Forces and Moments when Sailing
All forces can be determined from the body weight, because the force that the weight creates must be in balance with the aero- and hydro dynamical forces of the sail and the fin. There is no need to meticulously calculate the aero dynamical sail or hydro dynamical fin forces here but we have to understand the general concept.
The board lift
When planing, the lift of the board is dynamically created by the water streaming against the incidenced board. The water flow is deflected downwards and an upward force is induced (action = reaction). That’s the lift which carries the whole weight of board, sail and sailor.
From the equilibrium condition it follows: Lift (Board) = Total weight, (Figure 1)
Figure 1: Vertical forces acting on the windsurf board
Sail, board and fin forces
The airflow (apparent wind) induces in the sail a force perpendicular to the airflow direction, and slightly forward of perpendicular to the longitudinal axis of the board depending on angle of attack into the wind and water currents etc. The total sail force can be divided into two components, the forward thrust along the axis of the board and side thrust that is perpendicular to the board axis.
In order to sail in the same direction at a constant speed, all acting forces and moments must be balanced. That means:
Thrust (sail) = Drag (board) and
Side force (sail) = Side force (fin and board)
In addition all moments must be zero (Figure 2).

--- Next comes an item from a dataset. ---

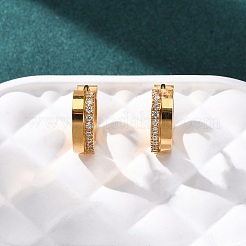 304 Stainless Steel Cubic Zirconia Hoop Earrings&nbsp;EJEW-D331-12G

Figure 2: The horizontal forces on the windsurf board
The side force of the fin is created in the same way as the sail force by inclining the fin against the water flow (angle of attack). In the case of the fin, the drift angle of the board is the angle of attack which is needed to produce a side force.
All physical phenomena to create a force on an airplane wing are also valid for the fin. The only differences are, the density of the medium water, which is 850 times denser and the viscosity which is 14 times lower than air. That’s why the fin can be so much smaller than the sail to produce the same amount of force. The flow speed for the fin is the sailing speed and for the sail it is the apparent wind which can be higher than the real wind speed.
Sail and Fin Force
How big then is the sail force which must eventually be balanced by the fin?
If we look at all the forces and moments acting on the board from the front of the board it follows from the equilibrium conditions that the maximum sail force is limited by a specific amount of body weight.
Otherwise the sailor would be pulled across the board (Figure 3).
What does that mean? Under all conditions regarding wind forces, sailing speeds / directions, sail sizes etc., the effective sail side force on the fin is limited.
Considering typical dimensions of the body and the sail, it follows that the maximum side force which can be balanced by the body is about 37.5 percent of the body weight of the sailor (Figure 3).
Assuming a body weight of 176 lbs, the maximum side force is 66 lbs and for 220 lbs body weight it is 82.5 lbs side force.
(The unit should correctly be labelled Newton (37.5 kg = 367.8 Newton).)
Still, a small amount of the force can be balanced by the board but in principle the fin must carry the load. More fin force is required in the case of a wider board tail because of the additional moment, which is produced by the sailor, that must be compensated for by the fin.
Figure 3 (left): Sail and fin forces